API Reference

WordPress Hooks & Filters

The Ultimate Web Novel & Manga Scraper provides several hooks and filters for developers to extend or modify functionality.

Actions

`ums_before_scrape`

Fires before a scraping rule is executed.

do_action('ums_before_scrape', $rule_id, $rule_type);

Parameters:

$rule_id (int): The ID of the rule being executed
$rule_type (string): Type of rule ('manga', 'novel', 'generic')

Example:

add_action('ums_before_scrape', 'my_custom_function', 10, 2);
function my_custom_function($rule_id, $rule_type) {
    // Your code here
    error_log("Starting scrape for rule ID: $rule_id");
}

`ums_after_scrape`

Fires after a scraping rule completes execution.

do_action('ums_after_scrape', $rule_id, $rule_type, $result);

Parameters:

$rule_id (int): The ID of the rule that was executed
$rule_type (string): Type of rule
$result (array): Result data from the scraping operation

`ums_chapter_created`

Fires when a new chapter is created.

do_action('ums_chapter_created', $post_id, $chapter_data);

Parameters:

$post_id (int): WordPress post ID of the parent manga/novel
$chapter_data (array): Chapter metadata (title, slug, images, etc.)

Filters

`ums_scraper_user_agent`

Filters the User-Agent string used for HTTP requests.

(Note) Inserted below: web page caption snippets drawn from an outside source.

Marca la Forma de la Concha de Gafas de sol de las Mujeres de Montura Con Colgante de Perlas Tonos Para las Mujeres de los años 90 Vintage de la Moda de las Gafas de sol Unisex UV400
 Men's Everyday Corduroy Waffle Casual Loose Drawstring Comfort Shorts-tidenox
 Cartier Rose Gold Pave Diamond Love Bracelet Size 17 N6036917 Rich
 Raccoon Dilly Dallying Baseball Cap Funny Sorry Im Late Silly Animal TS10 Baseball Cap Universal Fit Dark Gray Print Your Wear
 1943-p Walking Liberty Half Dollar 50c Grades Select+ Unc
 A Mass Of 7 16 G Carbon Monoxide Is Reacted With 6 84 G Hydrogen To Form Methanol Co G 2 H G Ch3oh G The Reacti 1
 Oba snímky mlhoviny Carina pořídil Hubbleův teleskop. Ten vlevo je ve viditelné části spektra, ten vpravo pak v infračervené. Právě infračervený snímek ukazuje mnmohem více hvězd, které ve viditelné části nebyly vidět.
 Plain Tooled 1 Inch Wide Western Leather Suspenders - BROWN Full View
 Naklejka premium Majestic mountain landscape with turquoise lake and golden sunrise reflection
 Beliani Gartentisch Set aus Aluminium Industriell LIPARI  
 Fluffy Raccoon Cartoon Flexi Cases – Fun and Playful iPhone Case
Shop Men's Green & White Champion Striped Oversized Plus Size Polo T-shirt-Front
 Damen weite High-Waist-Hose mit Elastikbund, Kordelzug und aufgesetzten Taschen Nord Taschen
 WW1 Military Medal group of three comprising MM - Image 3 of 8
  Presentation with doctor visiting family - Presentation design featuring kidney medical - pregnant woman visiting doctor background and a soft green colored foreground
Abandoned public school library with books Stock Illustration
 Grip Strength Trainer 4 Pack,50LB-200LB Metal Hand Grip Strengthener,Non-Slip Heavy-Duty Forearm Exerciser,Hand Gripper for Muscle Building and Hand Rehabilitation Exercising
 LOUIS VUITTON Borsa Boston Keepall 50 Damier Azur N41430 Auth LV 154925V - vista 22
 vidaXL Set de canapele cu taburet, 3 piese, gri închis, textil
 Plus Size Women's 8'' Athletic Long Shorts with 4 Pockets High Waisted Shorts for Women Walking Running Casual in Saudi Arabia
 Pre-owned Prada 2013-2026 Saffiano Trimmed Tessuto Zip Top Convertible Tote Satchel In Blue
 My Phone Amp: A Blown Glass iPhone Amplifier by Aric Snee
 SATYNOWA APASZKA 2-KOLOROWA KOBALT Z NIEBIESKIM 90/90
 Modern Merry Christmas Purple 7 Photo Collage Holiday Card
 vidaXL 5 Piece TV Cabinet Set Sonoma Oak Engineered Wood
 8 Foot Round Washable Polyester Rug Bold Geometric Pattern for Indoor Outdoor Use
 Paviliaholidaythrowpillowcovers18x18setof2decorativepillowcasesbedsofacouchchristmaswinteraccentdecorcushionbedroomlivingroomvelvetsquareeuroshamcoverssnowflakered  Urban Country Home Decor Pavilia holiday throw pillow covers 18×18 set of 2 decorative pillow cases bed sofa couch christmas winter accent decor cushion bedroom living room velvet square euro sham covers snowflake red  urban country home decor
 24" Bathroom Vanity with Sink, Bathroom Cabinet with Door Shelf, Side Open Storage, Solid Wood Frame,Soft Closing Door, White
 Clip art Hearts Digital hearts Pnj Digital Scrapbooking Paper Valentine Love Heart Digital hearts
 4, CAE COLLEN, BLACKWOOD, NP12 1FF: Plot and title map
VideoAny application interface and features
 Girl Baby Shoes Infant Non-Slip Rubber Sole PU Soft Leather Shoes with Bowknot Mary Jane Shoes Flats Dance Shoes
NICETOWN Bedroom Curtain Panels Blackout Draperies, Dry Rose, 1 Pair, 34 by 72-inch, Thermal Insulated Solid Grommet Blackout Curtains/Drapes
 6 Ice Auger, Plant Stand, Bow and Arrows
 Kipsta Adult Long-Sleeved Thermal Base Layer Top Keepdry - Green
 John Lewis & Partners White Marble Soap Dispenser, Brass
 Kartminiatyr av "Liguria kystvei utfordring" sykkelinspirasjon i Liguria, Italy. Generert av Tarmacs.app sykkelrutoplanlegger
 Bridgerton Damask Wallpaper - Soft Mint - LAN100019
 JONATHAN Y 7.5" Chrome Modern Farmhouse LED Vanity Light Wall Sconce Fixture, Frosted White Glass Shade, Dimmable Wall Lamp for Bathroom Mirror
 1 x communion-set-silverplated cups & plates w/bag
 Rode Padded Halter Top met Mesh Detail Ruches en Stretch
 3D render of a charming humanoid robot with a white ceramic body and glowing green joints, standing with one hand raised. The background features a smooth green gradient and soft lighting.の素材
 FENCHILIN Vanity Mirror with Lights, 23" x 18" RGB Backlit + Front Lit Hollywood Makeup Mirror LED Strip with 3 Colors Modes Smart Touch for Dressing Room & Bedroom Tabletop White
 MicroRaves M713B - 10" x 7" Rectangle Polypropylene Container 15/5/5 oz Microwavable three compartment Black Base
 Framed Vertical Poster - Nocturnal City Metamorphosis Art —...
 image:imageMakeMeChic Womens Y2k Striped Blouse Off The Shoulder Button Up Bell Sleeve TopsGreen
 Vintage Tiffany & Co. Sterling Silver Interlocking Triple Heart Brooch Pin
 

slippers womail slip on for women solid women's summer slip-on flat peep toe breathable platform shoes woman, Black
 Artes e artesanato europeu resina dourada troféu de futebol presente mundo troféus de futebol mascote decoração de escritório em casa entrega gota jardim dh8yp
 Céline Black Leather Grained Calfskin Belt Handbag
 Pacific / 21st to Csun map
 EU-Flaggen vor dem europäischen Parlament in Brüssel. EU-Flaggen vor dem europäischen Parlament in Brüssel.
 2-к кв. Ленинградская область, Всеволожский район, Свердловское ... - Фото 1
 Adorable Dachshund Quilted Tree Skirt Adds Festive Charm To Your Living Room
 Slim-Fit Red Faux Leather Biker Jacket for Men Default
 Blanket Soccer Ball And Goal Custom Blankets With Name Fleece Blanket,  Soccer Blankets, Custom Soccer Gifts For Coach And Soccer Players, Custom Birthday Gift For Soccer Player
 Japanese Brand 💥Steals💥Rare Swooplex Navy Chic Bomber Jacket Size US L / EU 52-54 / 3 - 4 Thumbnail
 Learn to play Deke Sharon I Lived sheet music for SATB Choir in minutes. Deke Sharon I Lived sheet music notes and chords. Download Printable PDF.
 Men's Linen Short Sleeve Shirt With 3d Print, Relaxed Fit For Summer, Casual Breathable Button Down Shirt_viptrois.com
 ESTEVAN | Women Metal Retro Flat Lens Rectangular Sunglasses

apply_filters('ums_scraper_user_agent', $user_agent);

Parameters:

$user_agent (string): Default User-Agent string

Returns:

(string): Modified User-Agent

Example:

add_filter('ums_scraper_user_agent', 'my_custom_user_agent');
function my_custom_user_agent($user_agent) {
    return 'MyCustomBot/1.0';
}

`ums_translation_text`

Filters text before translation.

apply_filters('ums_translation_text', $text, $source_lang, $target_lang);

Parameters:

$text (string): Original text
$source_lang (string): Source language code
$target_lang (string): Target language code

Returns:

(string): Modified text

`ums_chapter_images`

Filters the array of chapter images before storage.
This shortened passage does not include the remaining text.